• **TASK TO CARRY OUT**
With the pictures set aside, write out all of the data exactly as it stands.

::: GIVEN MATERIAL :::

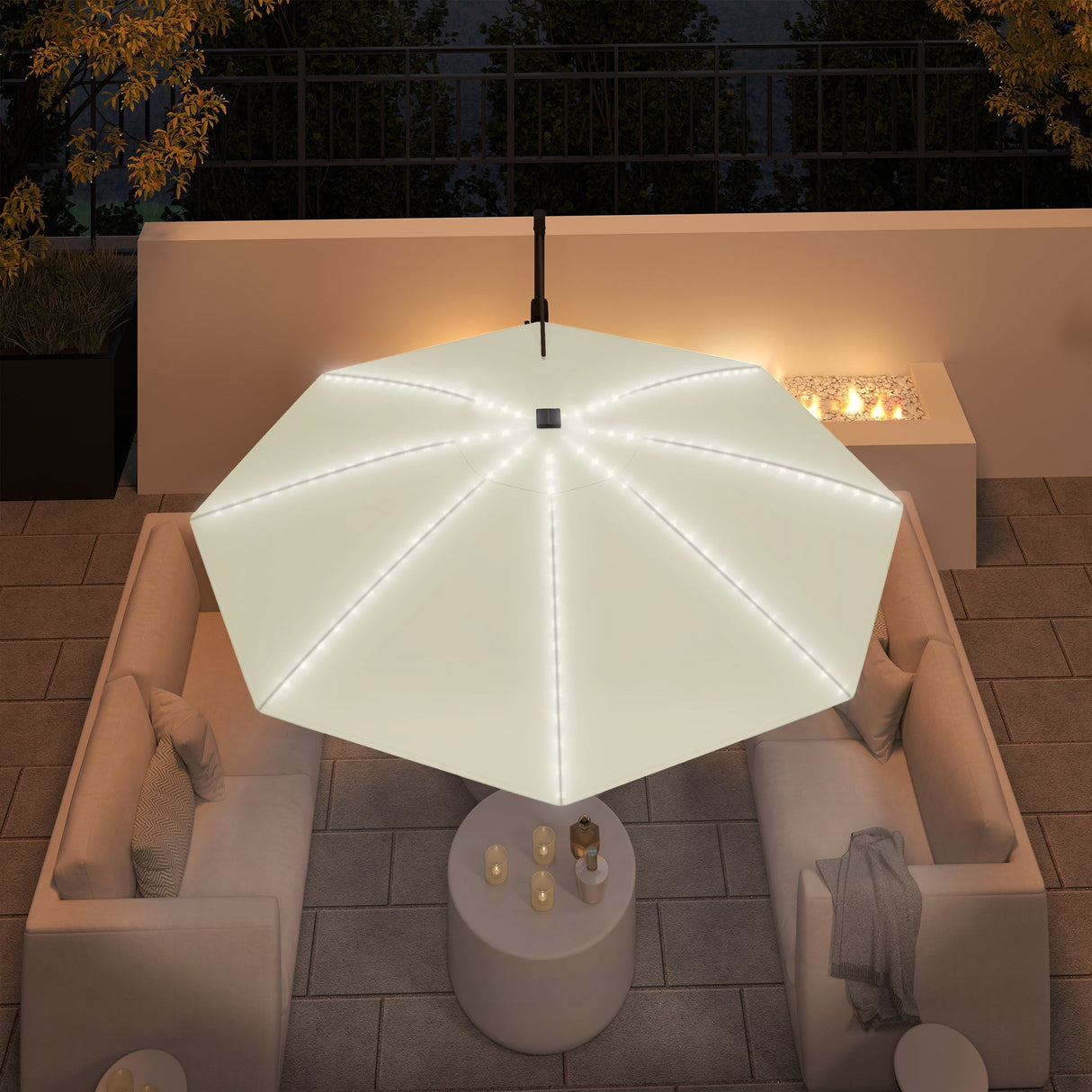 Cantilever Garden Parasol with Solar Lights, 360?? Rotation, Cream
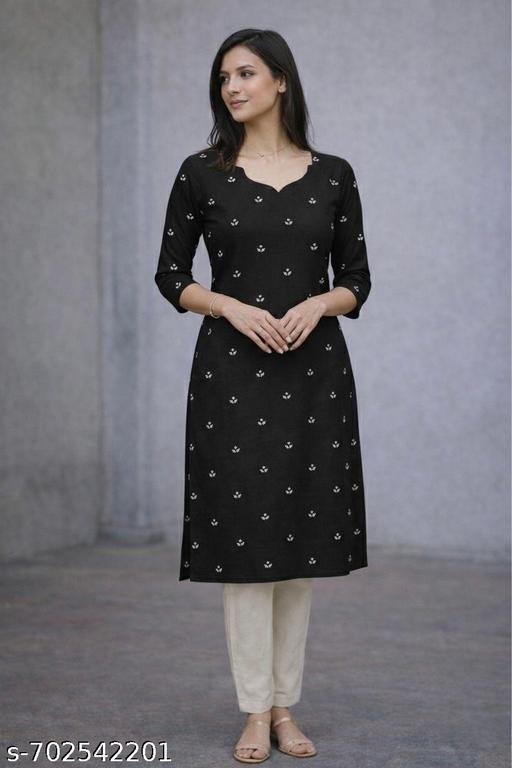 Elegant Black Cotton Kurti Women - Image 3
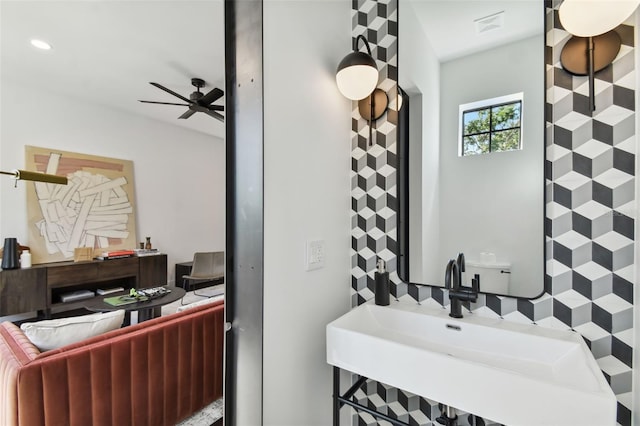 bathroom featuring sink and ceiling fan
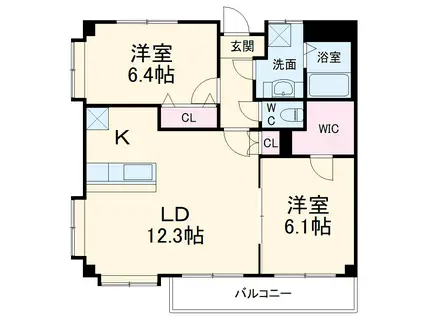 エスポワール(2LDK/1階)の間取り写真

:::

• **FINAL ANSWER**
 Cantilever Garden Parasol with Solar Lights, 360?? Rotation, Cream
 Elegant Black Cotton Kurti Women - Image 3
 bathroom featuring sink and ceiling fan
 エスポワール(2LDK/1階)の間取り写真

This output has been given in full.